In Ideas Are Free we documented a parallel organizational effect. Organizations that offer potentially large rewards for individual ideas (the most common way is to give a percentage of each idea’s revenue or cost-savings back to the suggester) create an enormous distortion in the kinds of ideas that come in, create all kinds of bureaucracy and dysfunction, and end up getting fewer ideas than if they hadn’t offered rewards for ideas in the first place.

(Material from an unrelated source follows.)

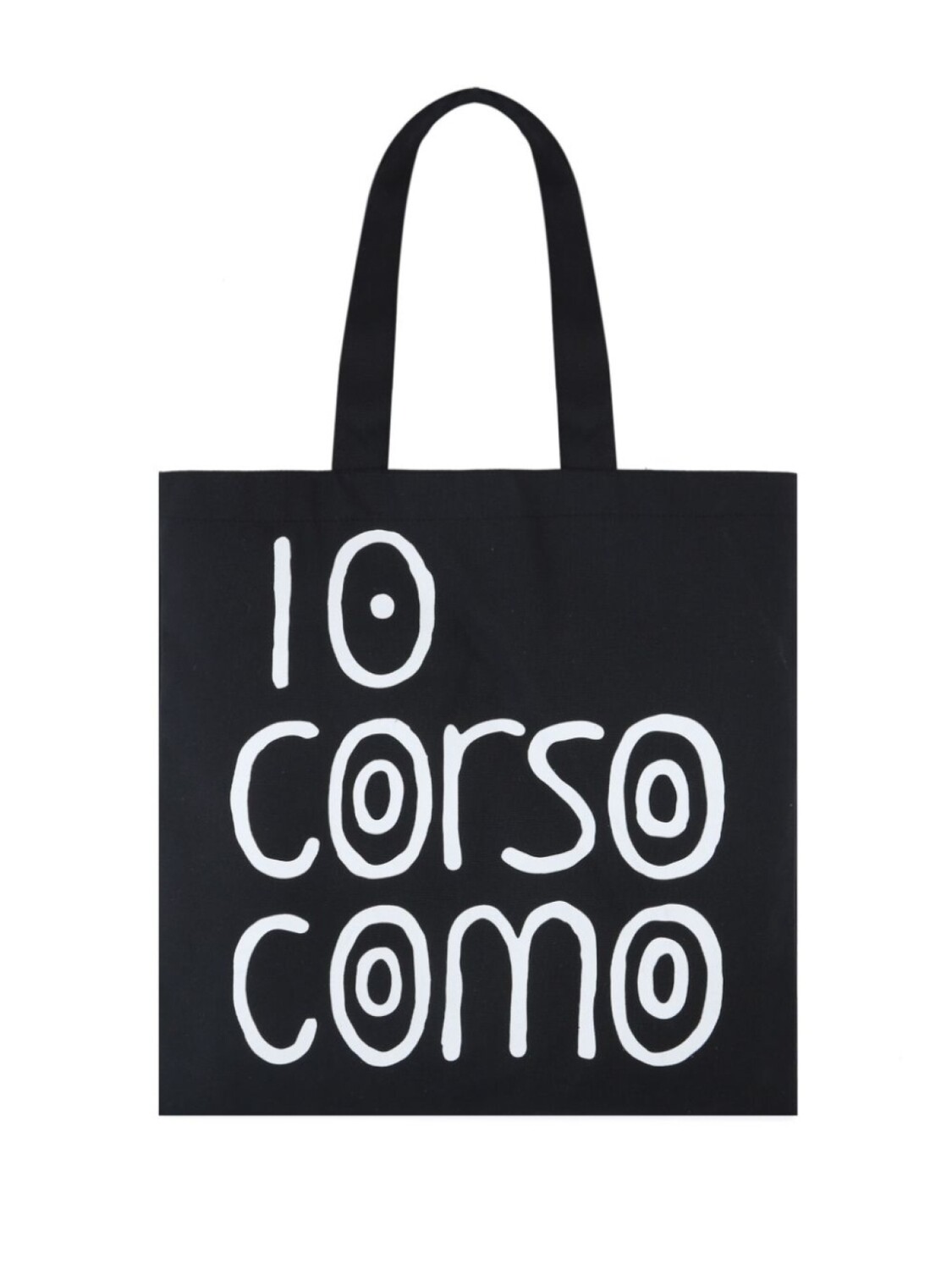 

10 CORSO COMO сумка-тоут из холста с логотипом, черный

In 1892, John Patterson, CEO of NCR, and the Jack Welch of his era, started the first suggestion system in the United States. In 1905, wanting to get even more ideas from his workers, he doubled the rewards, and the ideas fell off. In the 1990s, Idemitsu Kosan, the Japanese energy services company abolished rewards, and the number of ideas doubled in three months.
Almost all of the companies in the Ideas Are Free study with low-performing systems used rewards, because their managers felt employees wouldn’t give in ideas without them. It was fascinating to us how so many managers had such faith in a tool that was actually working against them.